# Task requirements
Scan the records below for the line containing "Okno przeglądarki internetowej" and the line containing "Outdoor 3 Pairs". Copy both, plus every line between, exactly.

(Caption-style text data)

◆ ◆ ◆ ◆ ◆

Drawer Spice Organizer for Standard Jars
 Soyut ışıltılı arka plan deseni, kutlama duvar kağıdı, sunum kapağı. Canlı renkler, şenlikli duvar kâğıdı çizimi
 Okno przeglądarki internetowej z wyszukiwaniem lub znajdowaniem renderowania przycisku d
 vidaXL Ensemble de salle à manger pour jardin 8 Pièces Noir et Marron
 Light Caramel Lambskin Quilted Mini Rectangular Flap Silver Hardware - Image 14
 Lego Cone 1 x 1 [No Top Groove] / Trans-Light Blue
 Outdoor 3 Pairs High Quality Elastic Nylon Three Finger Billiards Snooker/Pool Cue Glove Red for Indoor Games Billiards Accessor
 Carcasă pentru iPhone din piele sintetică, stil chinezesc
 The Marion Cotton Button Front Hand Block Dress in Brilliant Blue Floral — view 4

◆ ◆ ◆ ◆ ◆

# Output of the exercise
 Okno przeglądarki internetowej z wyszukiwaniem lub znajdowaniem renderowania przycisku d
 vidaXL Ensemble de salle à manger pour jardin 8 Pièces Noir et Marron
 Light Caramel Lambskin Quilted Mini Rectangular Flap Silver Hardware - Image 14
 Lego Cone 1 x 1 [No Top Groove] / Trans-Light Blue
 Outdoor 3 Pairs High Quality Elastic Nylon Three Finger Billiards Snooker/Pool Cue Glove Red for Indoor Games Billiards Accessor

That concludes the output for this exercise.